Other news-making and price-changing events (up or down) during the week included:

  • St George Mining riding the nickel recovery with a 4c (35%) price rise to 16c after reporting encouraging assays from its Stricklands project near Leonora in WA. Best hit was 3.36% nickel over 9.75m from a depth of just 43.8m. As well as nickel in the core, there were useful grades of copper (1.76%), cobalt (0.16%) and platinum group metals (2.26 grams a tonne).
  • Gold Mile Resources was another nickel winner, albeit in a premature way, rising by 6c to 56c after reporting that drilling would start next week on its Anomaly One project which is part of the Quicksilver nickel project in the south-west of WA.
  • Todd River Resources also reacted positively to exploration news, rising by 3c (45%) to 11c after reporting the encounter of a thick zone of massive sulphide mineralisation from drilling at its Mount Hardy project in the Northern Territory. Assays are yet to be received but portable X-ray fluorescence (XRF) testing at site yielded encouraging readings.
  • Red River Resources wasn’t to be left out of what was a strong week for exploration news, adding 3c to 31c after reporting fresh high-grade zinc assays from drilling at its Waterloo prospect which is part of the wider Thalanga project in north Queensland. Best hit was a 7.8m section grading 36.5% zinc equivalent, comprising a mix of copper (3.9%) lead (17.5%), zinc (1%), along with readings of silver and gold.
  • Lefroy Exploration has moved closer to a fresh round of drilling at its Lucky Strike gold project on Lake Lefroy in WA after securing a $100,000 grant from the WA Government. On the market, Lefroy added 2c to 20c, but the stock did trade as high as 22c.
  • Vimy Resources attracted investor interest after presentations highlighting its multiple uranium projects in WA and the Northern Territory, adding 2c to 12c -- perhaps aided by reports of growing international interest in uranium as a recovery situation.
  • Aeon Metals reported first assays from the western flank of its Walford Creek base metals project in Queensland, including 22m at 5.7% lead, plus 1.2% zinc and 0.08% cobalt, a promising result which was dismissed by investors who marked the stock down by 4c to 34c.
  • Kibaran Resources reported progress in clearing a logjam of mine and exploration approvals in Tanzania which should help it move forward with its Epanko graphite project.
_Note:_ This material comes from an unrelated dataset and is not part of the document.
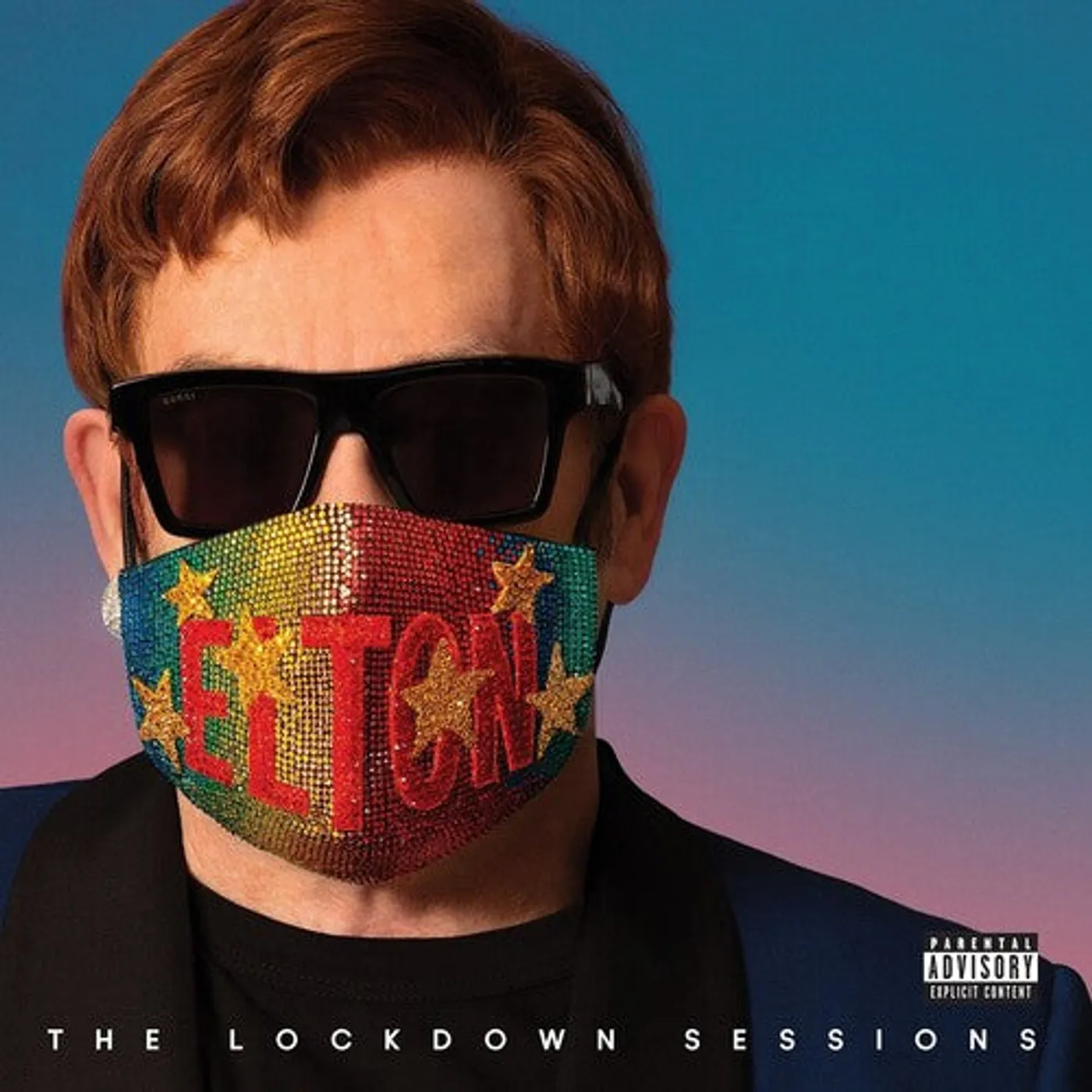 Elton John LP Vinyl - Lockdown Sessions (Blue) (Coloured Vinyl)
On the market, Kibaran was steady at 15c.
  • Tawana Resources, one of the lithium stars of the past 12-months, reported a doubling of reserves at the Bald Hill project which is the key attraction in a proposed merger with another lithium player, Alliance. Lithium, however, was drowned by nickel this week, which meant Tawana lost 2c to 42c, and
  • Atlas Iron slipped one-tenth of cent lower to 2.9c despite Fortescue Metals snapping up a 19.9% stake which appears to be designed to thwart a takeover bid for Atlas by Mineral Resources. Fortescue is already out-of-pocket having paid 4c for its Atlas stake, not that a small loss worried investors who boosted Fortescue by 5c to $4.74.